Hello readers! Before diving into this weeks newsletter, I did want to provide a heads up for the next newsletter that will be out next week!
I have been working with a Machine Learning(ML) Engineer to understand how League Of Legends deploy’s their ML models. If you enjoy LOL or ML, you’re not going to want to miss out. Now back to our regularly scheduled programming.
Good Design Is Easier to Change Than Bad Design - The Pragmatic Programmer
Programming is just one aspect of the difficulties of tech work for data engineers. Creating simple yet robust systems that help manage your data infrastructure is equally important.
This challenge of building a simple yet robust data infrastructure remains even with no-code/low-code solutions. Just because you aren’t having to write as much code or use a CLI doesn’t mean you removed complexity.
In fact, these solutions may actually accelerate the creation of convoluted data pipelines and transforms. Designing simple and robust systems requires time, experience, and weighing trade-offs. Every design decision, whether a tool or standard, affects future data engineers and analysts. We are trying to take complex problems and make them easier to deal with.

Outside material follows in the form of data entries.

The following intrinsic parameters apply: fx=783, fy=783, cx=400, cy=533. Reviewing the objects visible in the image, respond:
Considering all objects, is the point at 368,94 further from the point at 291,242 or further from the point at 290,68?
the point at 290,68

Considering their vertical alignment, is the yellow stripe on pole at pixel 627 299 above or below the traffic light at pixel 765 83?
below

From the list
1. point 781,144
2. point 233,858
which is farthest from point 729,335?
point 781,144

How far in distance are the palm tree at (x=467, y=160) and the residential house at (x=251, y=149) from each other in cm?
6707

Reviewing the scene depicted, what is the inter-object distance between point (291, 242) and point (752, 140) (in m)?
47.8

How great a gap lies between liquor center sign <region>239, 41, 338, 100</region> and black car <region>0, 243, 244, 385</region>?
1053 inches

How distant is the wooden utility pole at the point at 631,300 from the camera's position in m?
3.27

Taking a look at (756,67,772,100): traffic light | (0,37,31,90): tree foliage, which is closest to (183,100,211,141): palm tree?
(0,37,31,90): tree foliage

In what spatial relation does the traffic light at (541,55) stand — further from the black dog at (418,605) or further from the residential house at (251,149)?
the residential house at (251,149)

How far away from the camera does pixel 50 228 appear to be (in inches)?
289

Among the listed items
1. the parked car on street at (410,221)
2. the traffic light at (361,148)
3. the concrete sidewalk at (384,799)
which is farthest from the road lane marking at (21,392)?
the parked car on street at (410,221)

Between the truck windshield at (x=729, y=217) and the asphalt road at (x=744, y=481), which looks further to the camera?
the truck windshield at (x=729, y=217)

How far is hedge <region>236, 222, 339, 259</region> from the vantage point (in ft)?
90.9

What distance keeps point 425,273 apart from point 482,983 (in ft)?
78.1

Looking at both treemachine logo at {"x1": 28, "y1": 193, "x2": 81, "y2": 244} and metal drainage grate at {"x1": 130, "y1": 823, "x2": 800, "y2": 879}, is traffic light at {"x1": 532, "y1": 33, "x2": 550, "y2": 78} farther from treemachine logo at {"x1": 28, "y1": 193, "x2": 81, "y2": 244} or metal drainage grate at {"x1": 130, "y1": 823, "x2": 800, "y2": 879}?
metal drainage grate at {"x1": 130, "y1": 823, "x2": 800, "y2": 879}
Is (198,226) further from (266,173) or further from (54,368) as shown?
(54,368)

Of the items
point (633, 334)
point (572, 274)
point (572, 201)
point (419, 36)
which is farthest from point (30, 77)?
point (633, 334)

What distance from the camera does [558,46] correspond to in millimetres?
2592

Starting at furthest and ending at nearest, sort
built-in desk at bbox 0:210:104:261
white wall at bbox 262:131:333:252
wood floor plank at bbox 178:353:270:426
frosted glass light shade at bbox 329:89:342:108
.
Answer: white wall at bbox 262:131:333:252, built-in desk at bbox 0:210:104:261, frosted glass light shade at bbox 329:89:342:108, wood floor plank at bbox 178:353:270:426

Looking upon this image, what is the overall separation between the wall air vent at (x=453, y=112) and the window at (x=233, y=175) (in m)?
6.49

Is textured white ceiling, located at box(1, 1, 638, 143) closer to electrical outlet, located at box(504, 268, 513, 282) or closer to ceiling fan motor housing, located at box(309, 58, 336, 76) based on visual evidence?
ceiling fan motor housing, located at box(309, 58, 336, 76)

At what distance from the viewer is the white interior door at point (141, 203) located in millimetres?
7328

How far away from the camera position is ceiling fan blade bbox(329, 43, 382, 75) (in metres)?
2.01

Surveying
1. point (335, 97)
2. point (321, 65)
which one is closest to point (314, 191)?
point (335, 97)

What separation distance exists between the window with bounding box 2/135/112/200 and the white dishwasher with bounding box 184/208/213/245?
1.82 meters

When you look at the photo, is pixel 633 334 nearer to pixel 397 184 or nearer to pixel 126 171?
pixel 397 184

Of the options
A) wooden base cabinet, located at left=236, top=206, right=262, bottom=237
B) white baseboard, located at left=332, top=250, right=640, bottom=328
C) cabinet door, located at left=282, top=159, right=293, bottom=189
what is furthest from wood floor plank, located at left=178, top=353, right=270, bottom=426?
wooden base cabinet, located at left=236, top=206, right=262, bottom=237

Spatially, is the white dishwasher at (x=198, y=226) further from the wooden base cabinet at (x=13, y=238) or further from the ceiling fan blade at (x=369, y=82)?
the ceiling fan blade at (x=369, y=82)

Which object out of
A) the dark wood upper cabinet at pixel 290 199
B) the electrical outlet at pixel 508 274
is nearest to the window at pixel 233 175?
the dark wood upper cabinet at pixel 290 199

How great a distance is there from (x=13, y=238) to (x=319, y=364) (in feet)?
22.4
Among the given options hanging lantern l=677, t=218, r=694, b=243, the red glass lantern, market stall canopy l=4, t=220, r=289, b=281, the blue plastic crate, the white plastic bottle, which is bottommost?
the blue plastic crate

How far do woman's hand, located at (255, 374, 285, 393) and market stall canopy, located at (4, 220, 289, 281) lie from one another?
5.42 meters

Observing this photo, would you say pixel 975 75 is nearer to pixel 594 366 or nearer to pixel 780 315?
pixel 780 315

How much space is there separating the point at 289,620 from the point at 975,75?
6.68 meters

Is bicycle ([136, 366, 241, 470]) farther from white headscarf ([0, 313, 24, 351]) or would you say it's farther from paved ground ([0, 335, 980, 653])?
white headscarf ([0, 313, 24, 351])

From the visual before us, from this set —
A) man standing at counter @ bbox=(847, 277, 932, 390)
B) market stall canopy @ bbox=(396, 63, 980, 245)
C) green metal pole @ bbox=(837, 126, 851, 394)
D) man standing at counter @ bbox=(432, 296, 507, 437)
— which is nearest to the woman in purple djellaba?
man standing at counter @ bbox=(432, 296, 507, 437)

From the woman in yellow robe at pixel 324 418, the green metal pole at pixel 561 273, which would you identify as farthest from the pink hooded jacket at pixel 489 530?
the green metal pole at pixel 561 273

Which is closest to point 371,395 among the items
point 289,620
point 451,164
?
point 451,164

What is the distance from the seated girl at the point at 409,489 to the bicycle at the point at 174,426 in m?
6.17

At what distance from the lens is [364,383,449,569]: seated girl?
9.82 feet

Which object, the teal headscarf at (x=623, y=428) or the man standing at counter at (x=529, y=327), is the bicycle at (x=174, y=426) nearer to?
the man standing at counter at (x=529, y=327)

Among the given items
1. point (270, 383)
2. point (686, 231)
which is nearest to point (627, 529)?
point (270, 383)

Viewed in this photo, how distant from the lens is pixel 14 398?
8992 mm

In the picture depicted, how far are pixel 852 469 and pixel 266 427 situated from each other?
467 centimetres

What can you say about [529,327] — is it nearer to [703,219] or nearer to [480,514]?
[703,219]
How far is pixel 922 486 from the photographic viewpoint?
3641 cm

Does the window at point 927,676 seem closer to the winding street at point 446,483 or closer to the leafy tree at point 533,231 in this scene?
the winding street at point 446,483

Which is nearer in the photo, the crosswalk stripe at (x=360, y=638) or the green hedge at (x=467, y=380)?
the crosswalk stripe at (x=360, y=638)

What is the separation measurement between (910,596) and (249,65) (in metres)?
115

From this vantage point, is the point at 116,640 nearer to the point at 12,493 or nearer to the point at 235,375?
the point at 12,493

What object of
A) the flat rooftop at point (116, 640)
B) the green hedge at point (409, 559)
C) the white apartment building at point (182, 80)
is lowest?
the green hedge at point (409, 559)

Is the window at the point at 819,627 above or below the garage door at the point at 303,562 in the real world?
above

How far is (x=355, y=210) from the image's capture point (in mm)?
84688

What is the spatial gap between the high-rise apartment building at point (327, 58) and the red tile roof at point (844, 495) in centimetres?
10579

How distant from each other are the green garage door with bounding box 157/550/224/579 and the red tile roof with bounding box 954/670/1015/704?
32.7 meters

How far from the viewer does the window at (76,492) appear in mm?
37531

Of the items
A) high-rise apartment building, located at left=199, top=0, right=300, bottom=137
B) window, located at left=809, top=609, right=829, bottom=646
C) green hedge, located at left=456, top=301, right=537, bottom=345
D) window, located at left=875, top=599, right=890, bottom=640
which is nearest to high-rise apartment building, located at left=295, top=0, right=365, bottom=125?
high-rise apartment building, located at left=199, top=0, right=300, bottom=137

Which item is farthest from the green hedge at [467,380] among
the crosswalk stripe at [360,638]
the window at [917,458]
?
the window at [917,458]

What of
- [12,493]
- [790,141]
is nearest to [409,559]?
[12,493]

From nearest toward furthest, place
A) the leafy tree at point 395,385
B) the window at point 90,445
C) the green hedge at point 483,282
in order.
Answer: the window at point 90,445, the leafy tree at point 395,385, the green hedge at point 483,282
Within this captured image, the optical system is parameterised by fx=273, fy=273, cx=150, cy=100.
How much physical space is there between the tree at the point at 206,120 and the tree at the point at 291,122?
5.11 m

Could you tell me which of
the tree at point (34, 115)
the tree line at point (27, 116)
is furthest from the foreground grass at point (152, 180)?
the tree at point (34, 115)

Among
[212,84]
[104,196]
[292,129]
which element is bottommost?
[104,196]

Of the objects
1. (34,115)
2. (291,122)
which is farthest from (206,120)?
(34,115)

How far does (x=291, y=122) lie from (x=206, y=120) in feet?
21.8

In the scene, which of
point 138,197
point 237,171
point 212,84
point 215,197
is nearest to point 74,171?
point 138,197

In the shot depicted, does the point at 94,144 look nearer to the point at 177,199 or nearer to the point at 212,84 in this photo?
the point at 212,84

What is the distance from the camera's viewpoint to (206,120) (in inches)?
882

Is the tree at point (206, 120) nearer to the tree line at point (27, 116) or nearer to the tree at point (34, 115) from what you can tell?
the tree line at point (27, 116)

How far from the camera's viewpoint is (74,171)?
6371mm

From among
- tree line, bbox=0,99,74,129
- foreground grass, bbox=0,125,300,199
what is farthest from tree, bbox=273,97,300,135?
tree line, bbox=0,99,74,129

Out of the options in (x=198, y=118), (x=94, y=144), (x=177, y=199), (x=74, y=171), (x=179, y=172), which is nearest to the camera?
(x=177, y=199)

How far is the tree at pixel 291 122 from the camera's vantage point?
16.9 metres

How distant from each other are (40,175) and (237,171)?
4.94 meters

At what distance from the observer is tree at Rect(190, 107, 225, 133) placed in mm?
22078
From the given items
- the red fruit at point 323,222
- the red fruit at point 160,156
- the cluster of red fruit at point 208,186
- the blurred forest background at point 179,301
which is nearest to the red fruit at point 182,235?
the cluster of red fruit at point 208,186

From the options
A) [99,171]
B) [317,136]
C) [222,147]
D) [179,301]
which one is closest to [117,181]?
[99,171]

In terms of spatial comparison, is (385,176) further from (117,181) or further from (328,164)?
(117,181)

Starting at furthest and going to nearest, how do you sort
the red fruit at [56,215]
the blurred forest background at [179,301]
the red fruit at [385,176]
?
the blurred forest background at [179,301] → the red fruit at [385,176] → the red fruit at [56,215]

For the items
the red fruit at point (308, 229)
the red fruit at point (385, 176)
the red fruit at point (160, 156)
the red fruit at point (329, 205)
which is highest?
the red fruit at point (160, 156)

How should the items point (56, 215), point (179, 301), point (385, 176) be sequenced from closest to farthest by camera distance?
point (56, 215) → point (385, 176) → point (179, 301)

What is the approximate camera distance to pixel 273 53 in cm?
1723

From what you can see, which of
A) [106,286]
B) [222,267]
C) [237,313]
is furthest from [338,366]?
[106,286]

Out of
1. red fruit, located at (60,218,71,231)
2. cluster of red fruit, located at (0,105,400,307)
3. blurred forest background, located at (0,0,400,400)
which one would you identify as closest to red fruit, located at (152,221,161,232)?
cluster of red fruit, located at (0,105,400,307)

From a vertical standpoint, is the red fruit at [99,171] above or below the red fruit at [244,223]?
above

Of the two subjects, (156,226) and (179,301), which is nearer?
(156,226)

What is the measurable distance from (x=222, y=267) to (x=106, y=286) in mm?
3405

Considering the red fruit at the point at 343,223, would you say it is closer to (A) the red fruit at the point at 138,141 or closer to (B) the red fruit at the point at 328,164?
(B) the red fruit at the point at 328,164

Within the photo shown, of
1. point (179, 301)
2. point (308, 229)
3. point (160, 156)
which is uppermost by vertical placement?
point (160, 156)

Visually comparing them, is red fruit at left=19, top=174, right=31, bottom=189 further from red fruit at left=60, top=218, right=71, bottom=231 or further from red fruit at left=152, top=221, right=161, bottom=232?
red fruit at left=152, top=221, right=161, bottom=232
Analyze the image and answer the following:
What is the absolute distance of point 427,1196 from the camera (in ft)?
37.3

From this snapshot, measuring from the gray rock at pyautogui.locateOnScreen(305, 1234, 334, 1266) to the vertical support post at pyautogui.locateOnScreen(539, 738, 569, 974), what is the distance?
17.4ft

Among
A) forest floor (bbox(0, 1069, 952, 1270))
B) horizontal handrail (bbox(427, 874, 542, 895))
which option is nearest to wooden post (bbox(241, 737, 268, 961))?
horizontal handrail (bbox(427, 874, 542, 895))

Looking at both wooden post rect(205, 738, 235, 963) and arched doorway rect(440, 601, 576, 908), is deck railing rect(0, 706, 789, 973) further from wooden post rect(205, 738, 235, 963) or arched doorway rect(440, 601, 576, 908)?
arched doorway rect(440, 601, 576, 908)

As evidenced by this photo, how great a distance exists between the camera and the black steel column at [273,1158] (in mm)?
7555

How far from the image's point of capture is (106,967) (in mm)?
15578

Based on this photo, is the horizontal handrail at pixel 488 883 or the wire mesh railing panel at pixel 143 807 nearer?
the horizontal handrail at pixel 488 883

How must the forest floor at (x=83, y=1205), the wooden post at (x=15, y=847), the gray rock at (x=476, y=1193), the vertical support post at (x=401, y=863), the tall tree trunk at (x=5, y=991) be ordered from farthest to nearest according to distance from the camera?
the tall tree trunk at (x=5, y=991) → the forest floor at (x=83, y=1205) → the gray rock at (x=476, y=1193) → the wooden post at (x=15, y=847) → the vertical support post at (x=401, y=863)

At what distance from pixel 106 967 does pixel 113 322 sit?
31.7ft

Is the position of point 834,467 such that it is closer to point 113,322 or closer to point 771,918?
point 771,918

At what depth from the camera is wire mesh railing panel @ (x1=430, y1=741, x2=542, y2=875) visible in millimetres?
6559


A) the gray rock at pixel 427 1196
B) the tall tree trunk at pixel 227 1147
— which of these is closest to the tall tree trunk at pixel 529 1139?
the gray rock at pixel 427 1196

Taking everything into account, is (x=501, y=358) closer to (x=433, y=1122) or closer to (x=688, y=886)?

Good design helps remove that complexity both now and in the future. But good design rarely happens immediately. Requirements change and team members leave. So how do you build systems that reflect good design?
In this article I wanted to discuss what can often cause complexity, what risks it poses and how we can improve the data infrastructure that we build.
How Do We Create Complexity In Our Data Infrastructure
There are many ways complexity can be introduced into your data infrastructure.
But I wanted to focus on an example I ran into a few times at Facebook.
Most categorical data at Facebook wasn’t stored in a some form of local data structure (e.g. a dictionary or hash map) such that only the code that interacted with it would know what category was attached to what ID
But there were a few instances where the engineer decided it was simpler to store the actual name of the category data in a local config and only pass the ID to the database.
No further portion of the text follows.